Zach Welch wrote:
> On Mon, 2009-11-30 at 14:42 -0800, David Brownell wrote:
>   
>> On Monday 30 November 2009, Zachary T Welch wrote:
>>     
>>> Registers a signal handler to catch SIGSEGV in order to display the
>>> stack where the program crashed.
>>>       
>> Is this for inside OpenOCD?  If so, I'd rather just expect folk
>> to run inside GDB.  Either they're running natively and should
>> never see SEGV ... or they should be able to fire up GDB to get
>> this data (and likely more).
>>
>>     
>
> Not everyone wants to run GDB, and not all segfaults can be predicted.
>
> If you get one, it's better to have usable data than be required to
> reproduce what might be a Heisenbug.  I have found this feature to be
> highly useful in the past, to the extent that I am not joking about
> wanting to implement a libbfd version of the module symbol lookup.

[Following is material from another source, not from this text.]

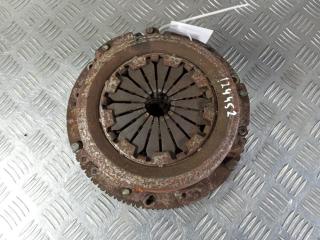 маховик Renault Clio 3 поколение 2005, цвет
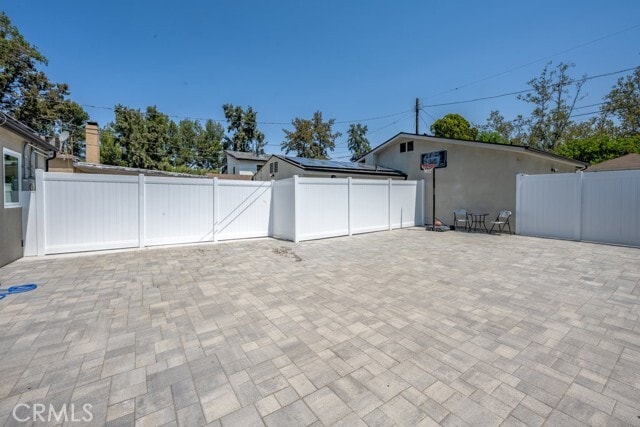 Building Photo - 6146 Morella Ave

> This feature ensures that we can get reasonable stack traces from users,
> without them having to do any extra work.  Less steps for crash reports
> is a Good Thing, I imagine Martha would say.
>   
Hm - I'm with David here: I am not very fond of re-inventing parts of 
gdb to include it in OpenOCD.

Fully implementing this would make OpenOCD depend on libbfd just for 
crash reports - this is ridiculous.

> Good built-in debugging facilities can be far superior to a debugger,
> and the Jim scripting language adds the fun twist where OpenOCD can
> expose these debug features directly to the user.  You laugh now.  The
> first time you use one of the stack dumps that it can produce, you will
> come to thank me for adding this feature. ;)  Right now, I seem to find
> new ways to create segfaults on a regular basis, and this makes it much
> faster for me to see what has happened -- without ever running GDB.
>   
What is the problem with running gdb?